Somos levados a supor que todos os eventos levam ao homem e são destinados a subservir as nossas necessidades. Esquecemos que o antropocentrismo é um antro de perdição, um saco de gatos escaldados. A razão nos faz obliterar o conjunto da obra: a natureza. Só na nossa imaginação as coisas são belas ou horrorosas, ordenadas ou confusas. A natureza é impassível. Ela flui. Autorizamos deformidades numa rocha ou numa árvore só porque elas não se prestam aos fins que desejamos. Instituímos o belo como sendo saudável. O feio como enfermidade.

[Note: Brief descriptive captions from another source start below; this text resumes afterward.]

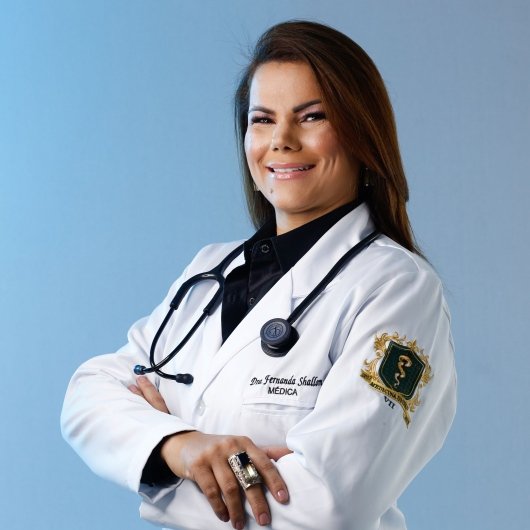 Dra. Fernanda Cristina De Abreu Mendes Claudino
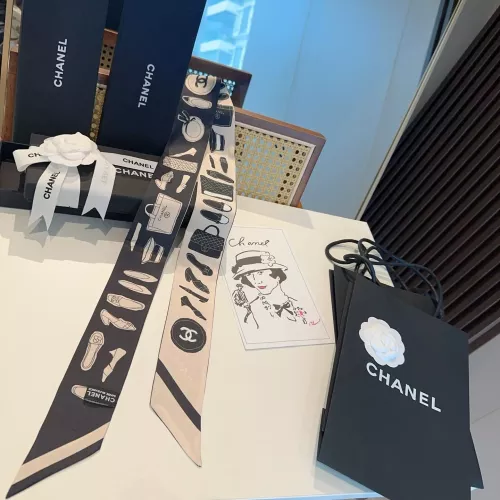 Replica Chanel Silk Scarf #1311654 $25.00 USD for Wholesale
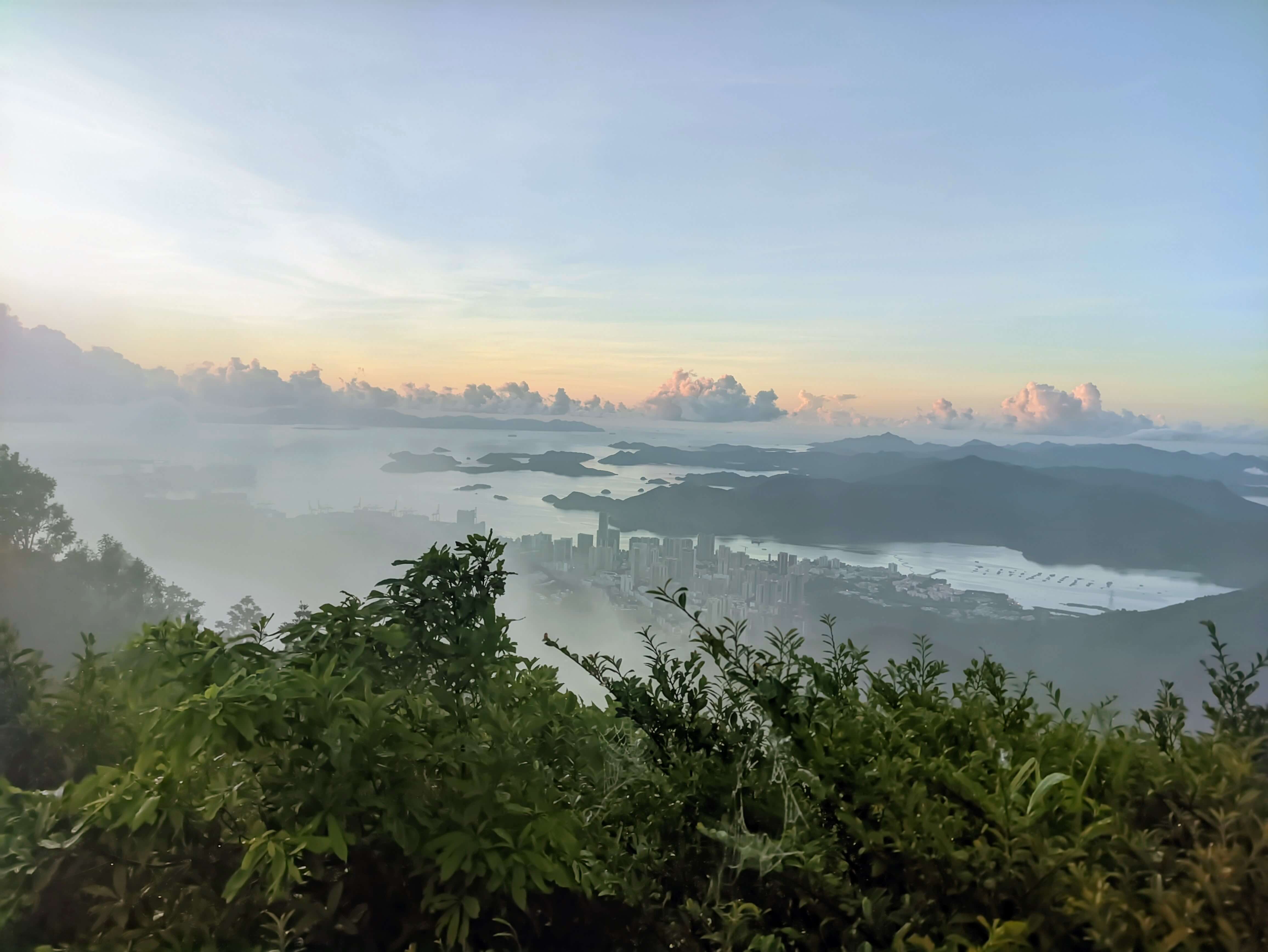 我君某一览众山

O vinho corre em minhas veias. Estou em paz totalmente preparado para a guerra. Música no ar. Pulo para o capítulo voltairiano. Sabe-se que a moral da época, século XVIII, permitia que uma dama acrescentasse um amante à sua ménage, se fosse feito adequadamente, respeitando a hipocrisia da Humanidade. A marquesa du Chatelet, com 28 anos, mulher de um insípido marquês, escolheu um gênio da época: Voltaire, de 40. Mas passavam o tempo, juntos, só em estudos e pesquisas. Óó, cupido, pra longe de mim! Bendito Castelo de Cirey!
Dulce est disipere in loco. Doce é perder o juízo de vez em quando. Minha profissão é dizer o que penso, disse Voltaire, com o diabo no corpo. Il avait le diable au corps! A minha é desdizer o que os outros pensam. Ou o que penso que os outros pensam. O significado da palavra entusiasmo, que vem do grego, é emoção das entranhas, agitação interior. Voltaire pergunta: quantos graus existem nas nossas afeições? Acordo, sensibilidade, emoção, perturbação, surpresa, paixão, arrebatamento, demência, furor, raiva. Mas meus amigos, diante de qualquer fato, diante de belo, do bom, do perturbador, não se perturbam e soltam um único e sonoro: ducaralho!
Enlouqueço um pouco. Doce é. Docemente o vinho desce. O Sol tenta ir dormir e pisca. Estrelas sentem agitação nas entranhas. E caem.